The Fair Isaacs Corporation which initiated the Fico credit score system is developing and selling a new range of analytical credit models to lenders. When lenders use these credit models it will give them a greater capacity to accurately predict the risk potential that both new and existing customers pose. Used in conjunction with the Fico score, the Fico Credit Capacity Index (CCI) will enable lenders to actively target the type of customers they want to attract and retain.
The Fico Credit Capacity Index has proven through testing to provide a different perspective on consumer risk and increases the lenders ability to identify customers who will be able to handle incremental future debt. It measures future debt risk and can be used by lenders to offer increased credit limits to current customers. Lenders will also be able to attract new customers who have the greatest likelihood of managing additional debt, by targeting them with special offers.
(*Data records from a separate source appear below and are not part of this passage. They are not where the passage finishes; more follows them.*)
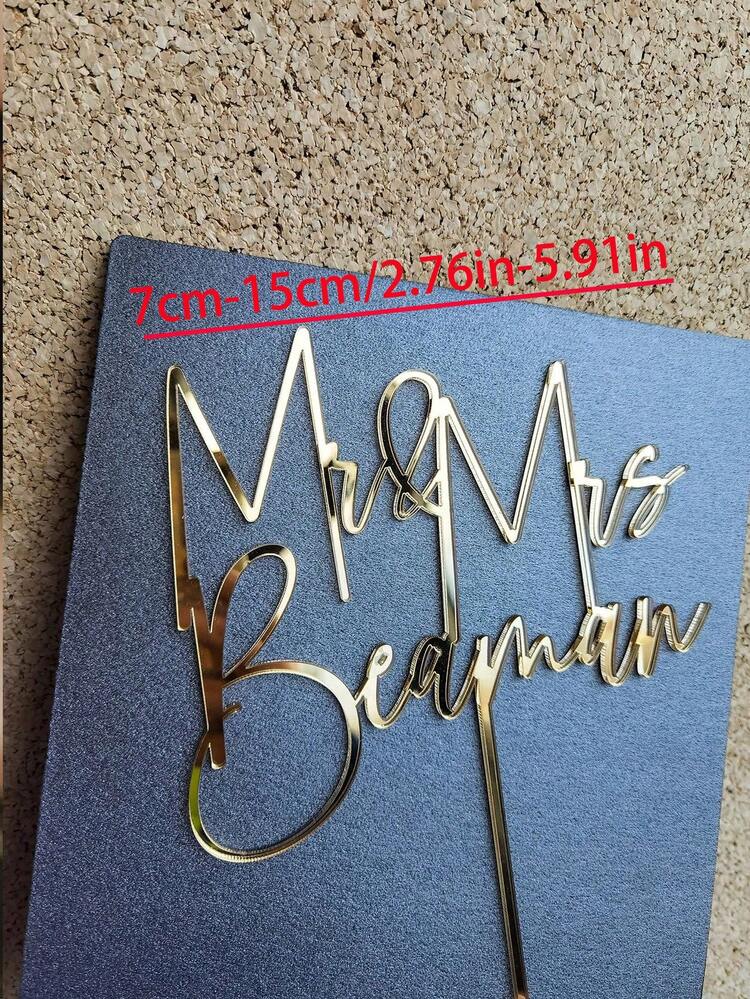 Gold Wedding Cake Topper, Personalized Cake Decoration Plate, Rustic Wedding Cake Topper, Customized Mr./Mrs. Cake Topper, Anniversary Cake Topper, Birthday Cake Topper - Cake Tags - View 18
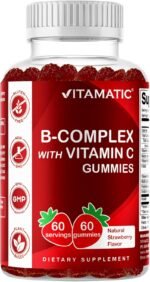 Vitamatic Vitamin B Complex Gummies with Vitamin C & Inositol - Natural Strawberry Flavor - 60 Gummies - Image 2
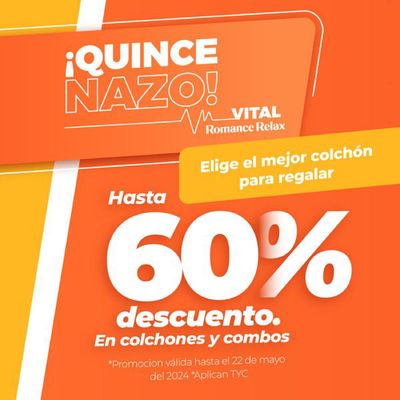 Ofertas de Hogar y Muebles en Puerto Colombia Atlantico | 60% dto de Colchones Romance Relax | 24/4/2024 - 22/5/2024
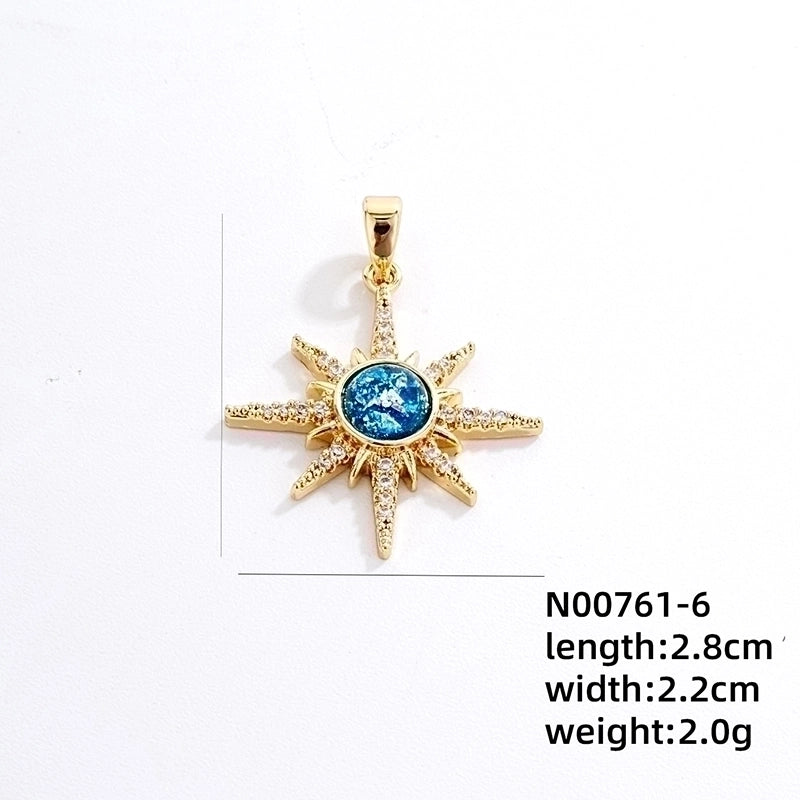 IG Style Minimalist Universe Starry Sky 304 Stainless Steel Copper Plating Inlay Gold Plated Zircon Charms Necklace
Credit card issuers have received lots of criticism in the last few years culminating in the credit reforms which were implemented in February 2010. Lenders can now use analytical models such as the Fico CCI to improve their image by promoting more responsible lending whilst lessening their own exposure to customers who are likely to be delinquent in their payments.
When lenders use the Fico CCI together with the Fico score they should be able to attract and retain better customers, and build up customer loyalty. This should then improve a lenders corporate image and increase their profitability.
Use of the CCI is unlikely to make any difference to consumers whose Fico credit score is already either very low of very high, but enables lenders to better target those in the mid range of Fico scores, from 700 upwards.
Testing of CCI has proven that it is far more effective as a predictor of risk than using income as a predictor, which has never been considered an effective measure of risk. Income holds too many variables which lenders don’t like: it is self reported; time consuming to check; has too many variables due to differences in location costs of living; and does not provide an accurate reflection of how income is used. Lenders that have tested the Fico CCI report much more precise results.
Consumers who are identified by lenders using the Fico Credit Capacity Index as being most able to manage further debt are likely to see a spate of offers directed their way, and will probably benefit from new credit card initiatives from lenders which hope to retain their loyalty.